Re: [PATCH] NFS: Use GFP_NOFS in nfs_direct_req_alloc

Chuck Lever <chuck.lever@xxxxxxxxxx> · Tue, 8 Sep 2009 22:16:09 -0400

On Sep 8, 2009, at 9:37 PM, Trond Myklebust wrote:
On Tue, 2009-09-08 at 21:01 -0400, Chuck Lever wrote:
On Sep 8, 2009, at 7:05 PM, Trond Myklebust wrote:
On Tue, 2009-09-08 at 18:43 -0400, Chuck Lever wrote:
On Sep 8, 2009, at 6:32 PM, Trond Myklebust wrote:
On Tue, 2009-09-08 at 18:05 -0400, Chuck Lever wrote:
Don't dive into memory reclaim in the NFS direct I/O paths,
otherwise
we can deadlock.

Reported by: Wengang Wang <wen.gang.wang@xxxxxxxxxx>
Fix-suggested-by: Zach Brown <zach.brown@xxxxxxxxxx>
Signed-off-by: Chuck Lever <chuck.lever@xxxxxxxxxx>

Wait... What??? How does an O_DIRECT read or write allocation
deadlock
with memory reclaim? Both the read and the write path call
nfs_direct_req_alloc() before they pin any user pages in memory.

This may be an issue only for loopback mounts where the backing
device
is an NFS O_DIRECT file.  This type of deadlock may not be able to
happen in upstream kernels at this point.

I don't see how that makes any difference whatsoever. If the backing
device is a non-O_DIRECT file, then you have GFP_KERNEL allocation  
of
the pages.

Anything that calls down into a filesystem on a read() or write()  
path
had better not assume that it won't block.

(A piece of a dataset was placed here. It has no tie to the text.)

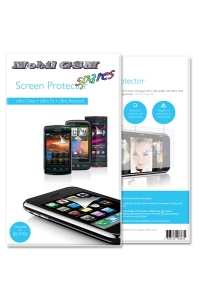 Obrázok pre Screen Protector iPhone 4G, 4G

Basically we're treating an O_DIRECT file just like a block device.
If the block I/O path blocks when a kernel file system calls in to do
a memory reclaim, we're in dutch.

Without a lot more changelog context that explains what you are  
wanting
to do, why it is relevant to NFS (and O_DIRECT in particular), and why
you can't work around it in other ways (PF_MEMALLOC comes to mind),  
I'm
not at all interested in applying this patch.

I didn't ask you to apply it, I just asked for your thoughts.

We have a dm target that uses an NFS file as a backing device.  It  
converts bios to NFS read and write requests using direct and async I/ 
O.  It's a loopback block device with a local file system residing in  
it.

(OK, so "loopback mount" was probably not a clear way to explain what  
is going on).

Even so, it makes sense for this allocation to be consistent with
similar allocations in the other NFS I/O paths.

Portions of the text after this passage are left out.